— Dataset extract —
##############################

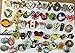 Disney Pins Trading Lot of 50 w/ No Duplicates Lapel Collector Pins Disneyland pins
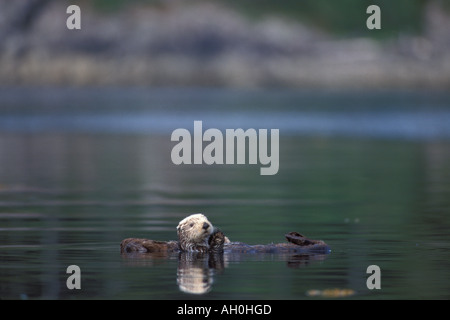 Sea Otter Enhydra lutris coppia nel mulino di sega Baia di Prince William Sound Alaska Foto Stock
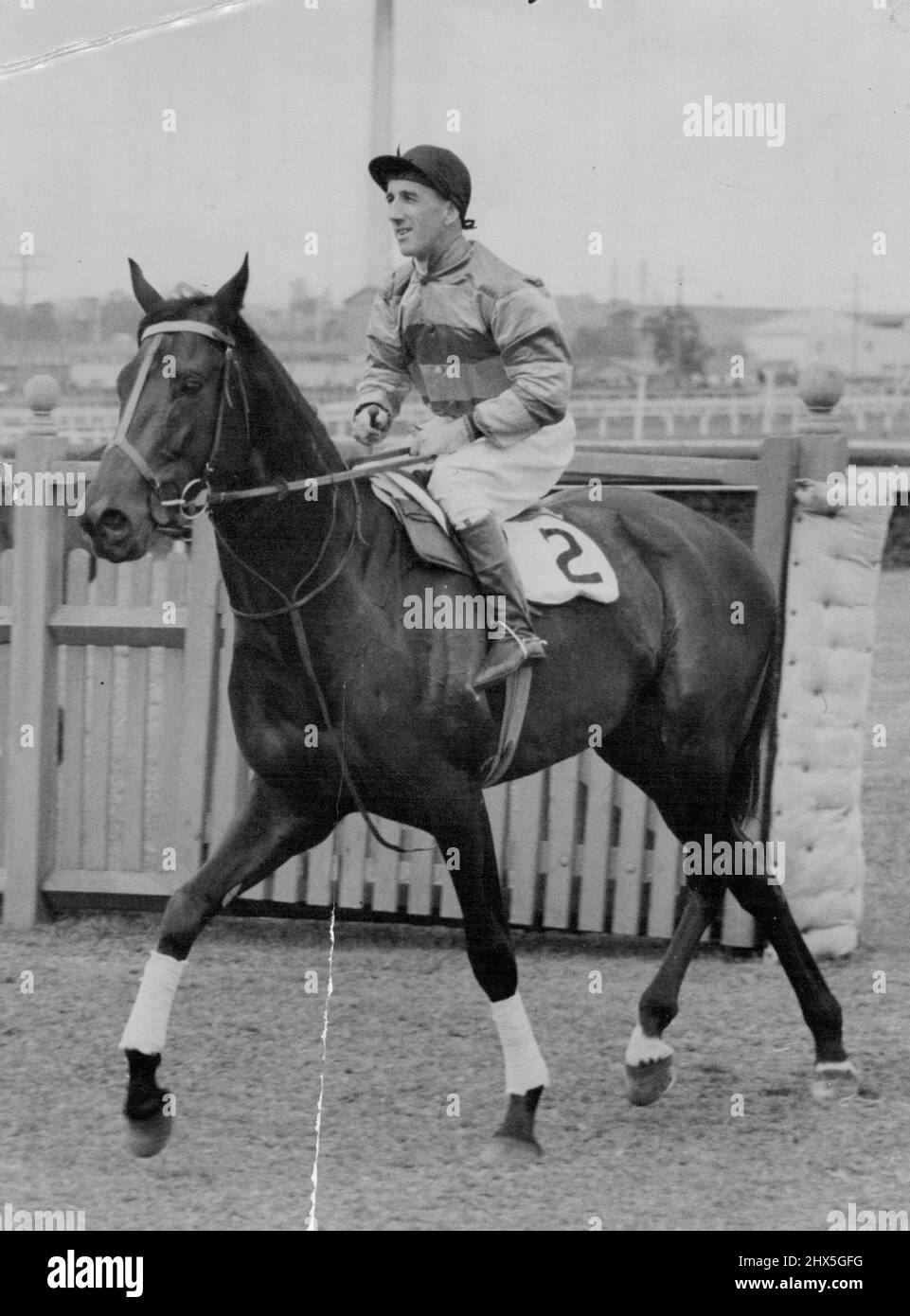 Fastest time for a Melbourne cup, 3mins, 21 sees was run by both Wotan and Russia. But **** horse holds the two miles record for Australia? (a) Windbag (b) Phar Lap (c) Spear Chief (d) Peter Pan. April 04, 1939. Stock Photo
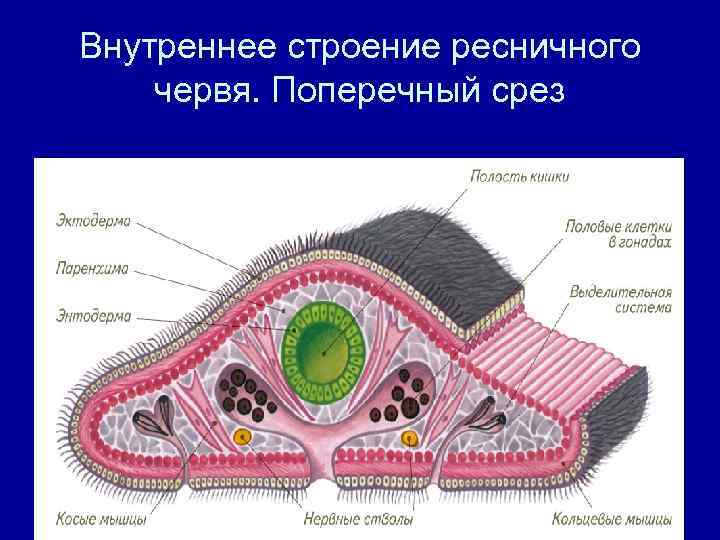 Внутреннее строение ресничного червя. Поперечный срез 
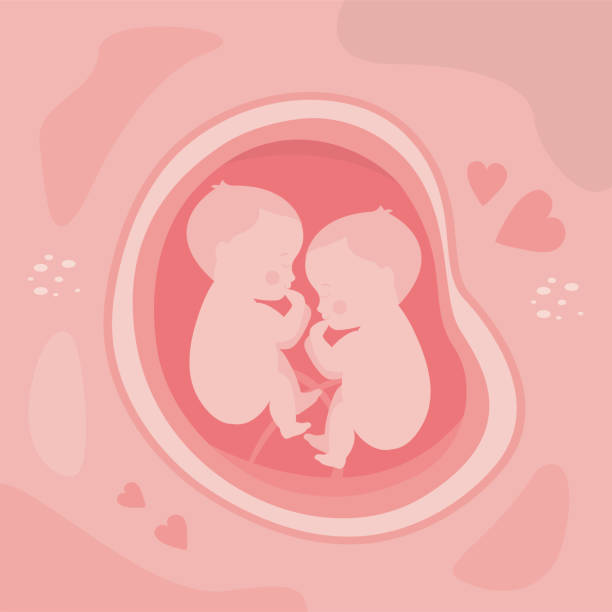 子宫发育不全可以做第三代试管婴儿吗？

##############################

— Activity —
Write out exactly the lines between the start of the data and the line with "Внутреннее строение ресничного", including both, but none of the pictures.

— Result of this exercise —
 Disney Pins Trading Lot of 50 w/ No Duplicates Lapel Collector Pins Disneyland pins
 Sea Otter Enhydra lutris coppia nel mulino di sega Baia di Prince William Sound Alaska Foto Stock
 Fastest time for a Melbourne cup, 3mins, 21 sees was run by both Wotan and Russia. But **** horse holds the two miles record for Australia? (a) Windbag (b) Phar Lap (c) Spear Chief (d) Peter Pan. April 04, 1939. Stock Photo
 Внутреннее строение ресничного червя. Поперечный срез 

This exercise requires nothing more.